The CARES Act recognizes that many institutions had to transition to distance education well before the Act was passed. If the program at the foreign institution was otherwise in compliance with requirements for federal student loan eligibility but transitioned to distance education between March 1, 2020 and the date of this Act’s enactment, then that program will be deemed eligible for the federal student loan program. That eligibility will last the length of the public health emergency or other major disaster or emergency related to the coronavirus, as declared by U.S. government officials, and the following payment period. After that point, the program must return to its original in-person instruction delivery mode in order to maintain eligibility for federal student loans. If your college transitions to distance education during the 2019-2020 award year, you must report that change to the U.S. Secretary of Education by June 30, 2020. If your college transitions to distance education on or after July 1, 2020, then you must report that change to the Education Secretary within 30 days.

Does the six-month suspension of payments and waiver of interest apply to borrowers who have federally-guaranteed but commercially-held loans through the FFEL and Perkins Loan Programs?

No. The suspension only applies to all Direct Loans and FFEL loans held by the Department Education (which is about 25% of the FFEL portfolio). Approximately 37 million borrowers (or 87 percent of federal student loan borrowers in repayment) will receive relief under this plan. This is not the plan Senate Democrats would have written on their own, and will be continuing to fight to extend relief to borrowers of commercially-held FFEL loans and Perkins Loans.

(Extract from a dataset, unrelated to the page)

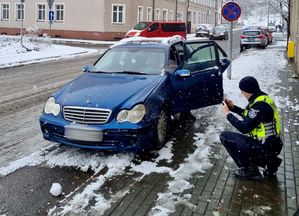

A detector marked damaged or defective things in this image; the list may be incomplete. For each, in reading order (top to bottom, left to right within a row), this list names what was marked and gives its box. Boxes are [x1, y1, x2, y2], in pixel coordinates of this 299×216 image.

damaged blue sedan [39, 36, 231, 152]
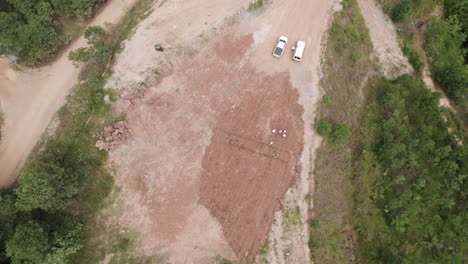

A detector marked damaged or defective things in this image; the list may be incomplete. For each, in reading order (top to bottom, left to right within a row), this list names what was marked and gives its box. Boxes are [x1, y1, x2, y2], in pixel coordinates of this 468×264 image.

pile of broken concrete [94, 120, 130, 152]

Does the sixty-day protection from involuntary collections apply to these FFEL and Perkins borrowers?


Will outstanding interest on student loans capitalize during the six-month suspension of payments and waiver of interest?

During the six-month period until September 30, 2020 when payments are suspended, interest is also not accruing on federally-held loans. Therefore, there is no interest cannot capitalize (be added to the principal) on the loan. It remains unclear how interest that accrued prior to March 13th will be treated as this decision is left up to the Secretary of Education, but Senate Democrats will be strongly encouraging the Secretary not to penalize borrowers. Generally, interest only capitalizes when you leave deferment, forbearance, or income-driven repayment. Borrowers who do not change their loan repayment, or who move from “standard” to “income-driven” plans do not risk any capitalization.